Calvin trifft Luther in Herborn

Becker-von Wolff

Zum Reformationstag am Montag, 31. Oktober 2022 treffen in Herborn zwei ganz unterschiedliche Menschen aufeinander. Der eine ist Johannes Calvin, Franzose aus Noyon, Sohn eines angesehenen Kirchenjuristen. Der andere ist Martin Luther aus Deutschland, Sohn eines einfachen Bergmanns aus der Grafschaft Mansfeld in Thüringen.

Beides sind bedeutende Reformatoren - aber es ist schon ein recht gegensätzliches Paar, das im Gottesdienst um 19 Uhr in der Evangelischen Stadtkirche Herborn zum 'disputieren' zusammenkommt.
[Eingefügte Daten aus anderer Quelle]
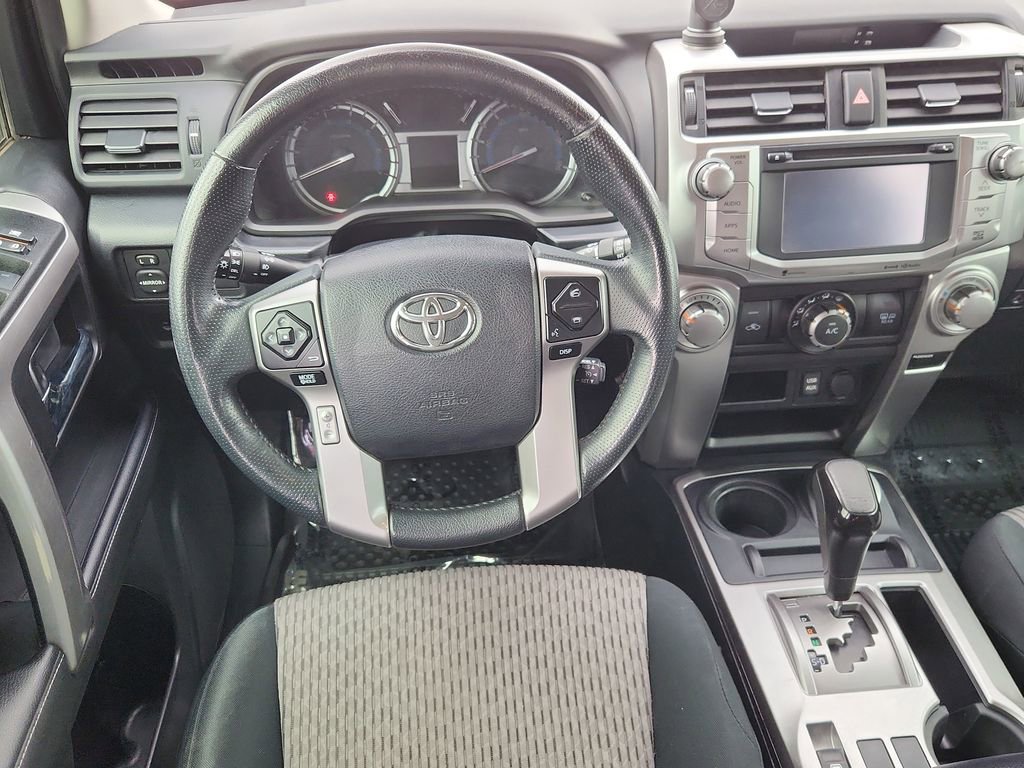 Used 2017 Toyota 4Runner SR5 AWD/4WD image 11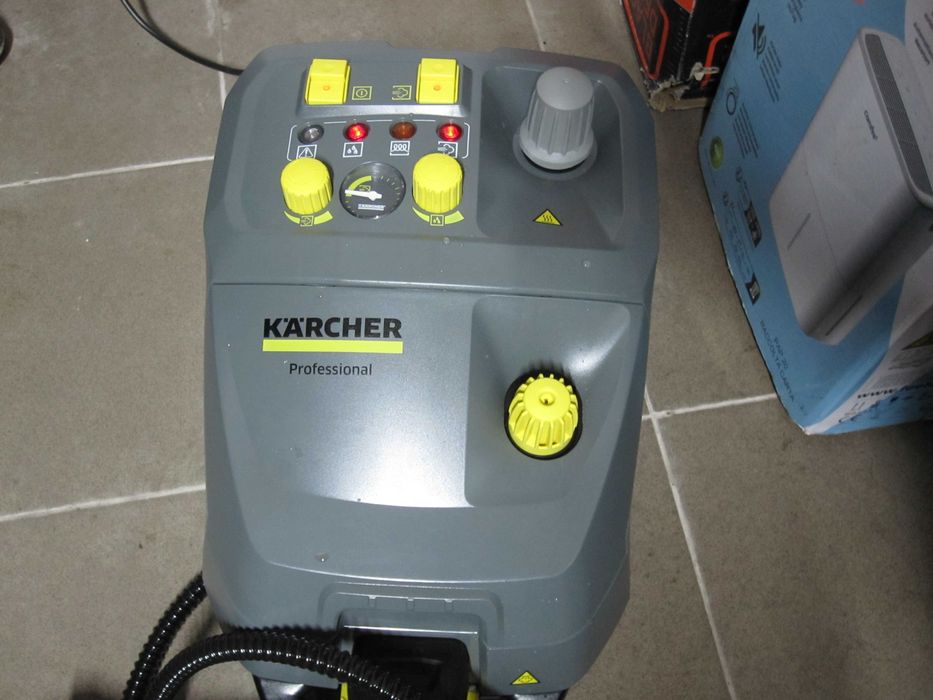 Aparat de curățat cu abur Karcher Professional SG 4/4 1.092 – 104.0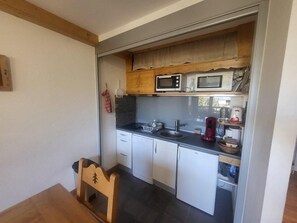 Réfrigérateur, micro-ondes, lave-vaisselle, cafetière/bouilloire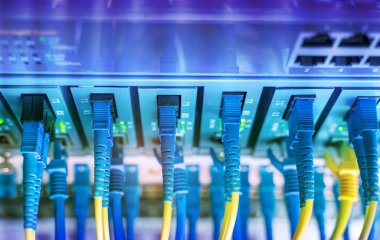 Ağ çekirdeğine bağlanan fiber ağ kablosu kapat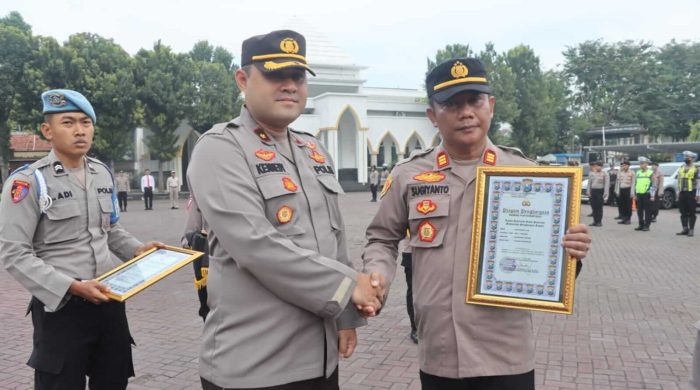 Berkah Ramadhan, Kapolres Pasuruan Berikan Reward Kepada PNPP Polres Pasuruan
Der eine soll nach dem Willen seines Vaters Theologe werden, wird aber Jurist. Der andere soll nach dem Willen seines Vaters Jurist werden und wird Theologe. Der Jurist verzichtet auf eine gewiss glänzende geistliche Laufbahn in Frankreich, kann aber Zeit seines Lebens nicht von der Theologie lassen und schreibt mit der Institutio Christianae Religionis (übersetzt: „Unterricht im christlichen Glauben) eines der bedeutendsten evangelischen Werke.

Der Theologe hat die Juristerei so sehr gehasst, dass er das Corpus Iuris Canonici, das Römische Kirchenrecht, ein sehr teures Buch, öffentlich verbrennt.

Der eine liebt die Ordnung und versucht zu regeln, was sich eben regeln lässt: das bürgerliche Leben, den Gottesdienst, das kirchliche Leben, die Moral, die Musik, die Lehre. Und er achtet streng darauf, dass die Regeln eingehalten werden.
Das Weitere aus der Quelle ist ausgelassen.